By Richard C. West
It’s great to finally see the buck of your dreams, but don’t get too excited.
On the Saturday before Thanksgiving in 2015, an Illinois buck tested my heart. It was the second day of the firearms season, and I’d spent my first day – all 12 hours – on the stand with nothing to show for it but a couple of song birds, a red squirrel, two gray squirrels and a lot of leaves floating down to the forest floor.
On the second day, it was pouring rain. It seemed nobody was in the woods but me, because I didn’t hear a single shot. The wind was strong at times, and it was pretty loud in the woods. It was much nicer once the snow arrived, so I leaned back on some logs halfway up a slight hill and tried to stay dry.
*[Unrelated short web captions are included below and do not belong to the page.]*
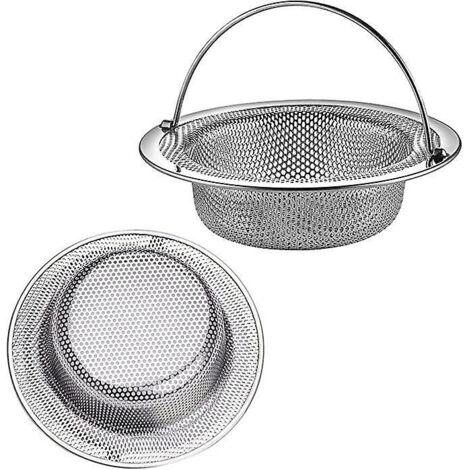 2 Filtres D'vier Avec Poigne En Acier Inoxydable (diamtre 11 Cm), Grille D'vier De Cuisine, Couvercle D'vier De Cuisine, Pour Vier De Cuisine / Sa (1/5)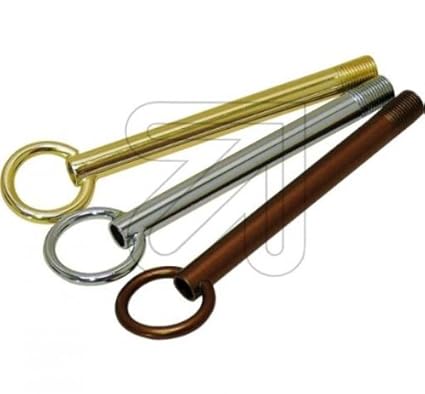 Aufhängerohr m. Ring 30x125 M10x1 Aufhängung Lampe altmessing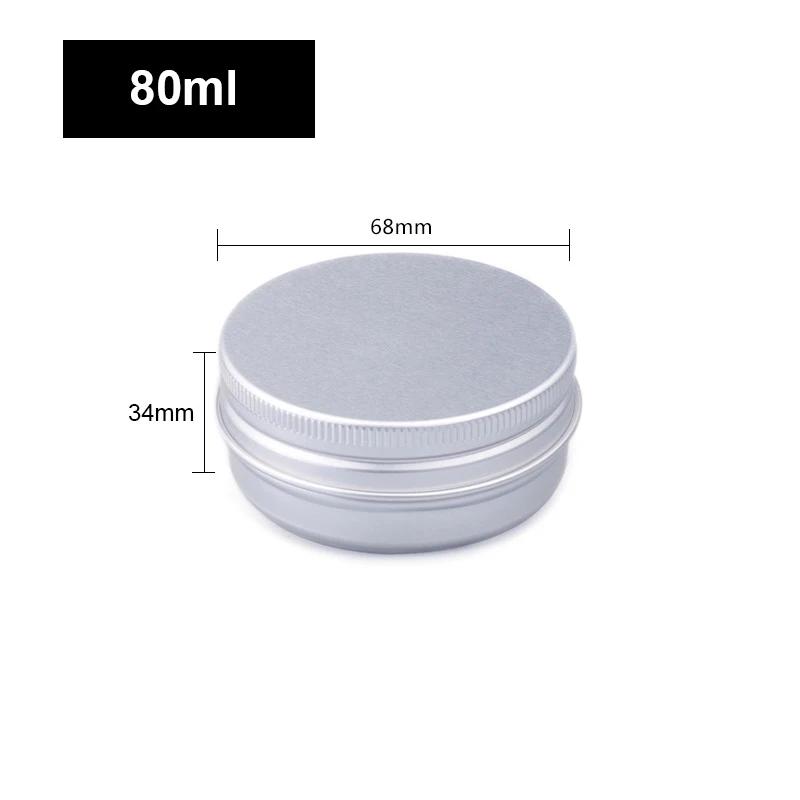 5 Ml 10 Ml 15 Ml 30 Ml 50 Ml 80 Ml Round Aluminum Box Tin Can Screw Lid Storage Scented Candle Lip Balm Oil Empty Jar /510 Pcs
After some time, I stood and used my doe/fawn bleat to try to rouse some action. Nothing.
A half hour later, I changed to a doe grunt, hoping I might lure in a buck. I was just putting the call away when I saw antlers rise above the bushes.
When the buck came up the hill, I realized I had two windows in which to shoot. I grunted at first when he reached the first opening, but he didn’t even pause. When he got to the second, I shouted! When he stopped, I pulled the trigger. That’s when my heart was genuinely stress-tested.
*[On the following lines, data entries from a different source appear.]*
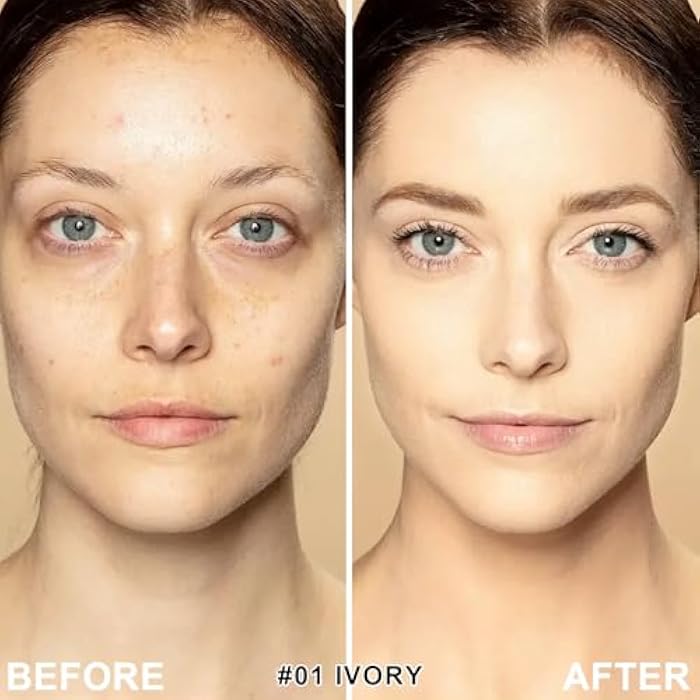 LemonSac Mushroom Head Air Cushion CC Cream Foundation - Moisturizing Concealer for Even Skin Tone - Makeup Base Primer (#01 Ivory White) - Image 3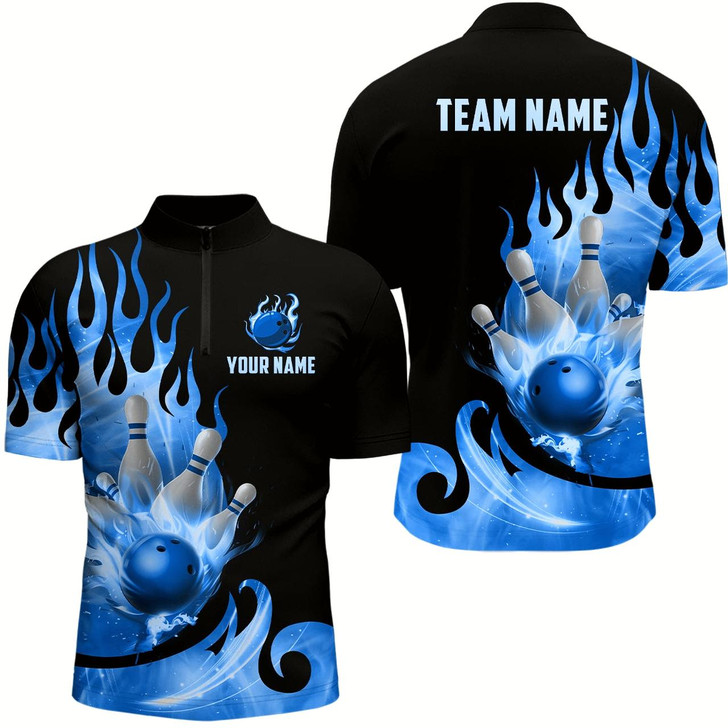 Goofygear Custom Black & Blue Bowling Shirts For Men & Flame Bowling Team Jersey Quarter-Zip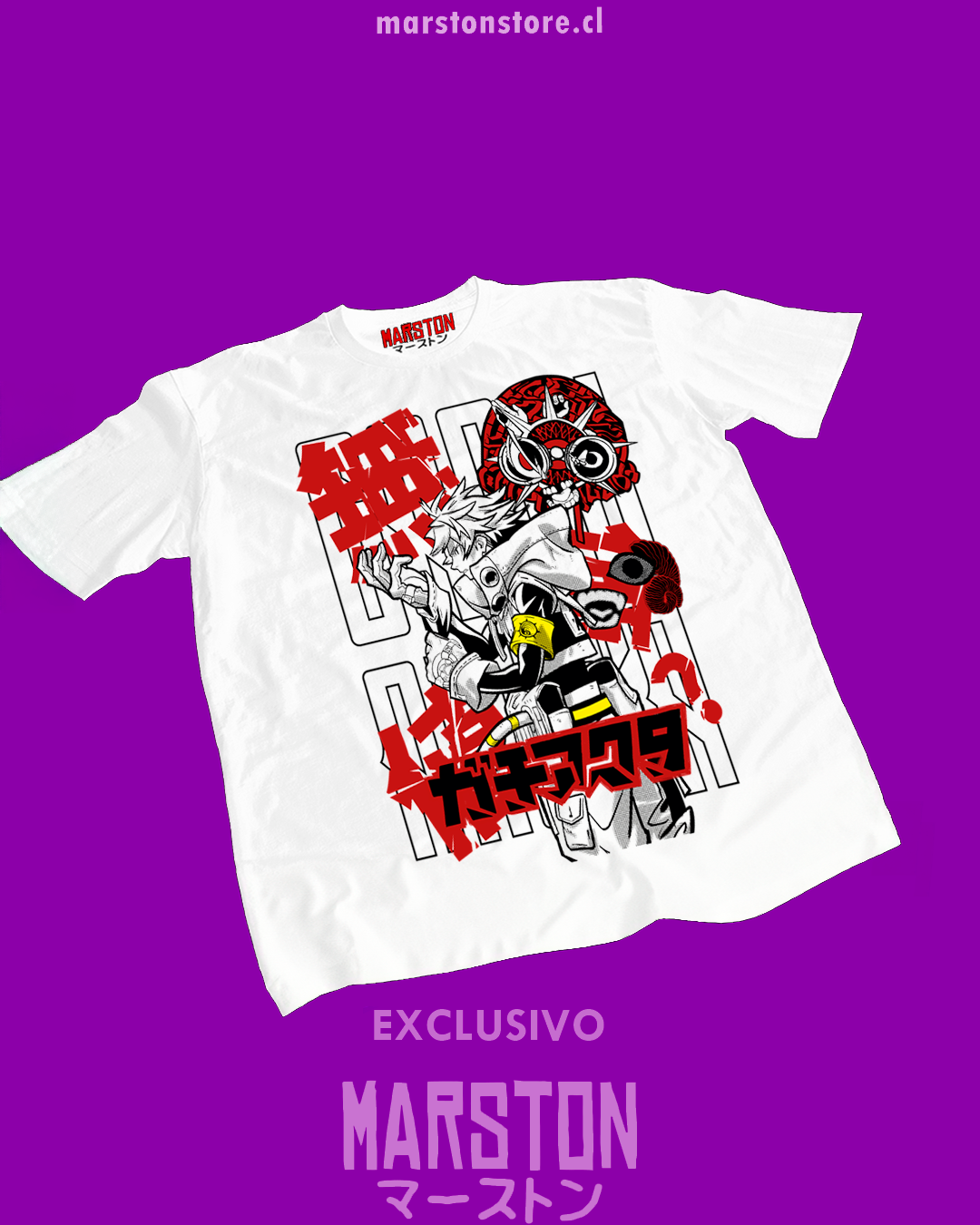 Polera blanca de Gachiakuta con diseño anime versión 2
I put me gun down and then picked it back up. I did that several times. I suppose it was my body’s response to my mind wanting to do something ... anything other than just sitting and waiting.
When I couldn’t take it any more, I threw my pack over my shoulder and went to the top of the hill to take look for sign. Fortunately, it didn’t take long to find it, or the buck.
I wanted to take a nice photo, but my hands were shaking too badly. In the 15 years I had been hunting whitetails, I had never seen a deer like that.
I thank God for my deer of a lifetime.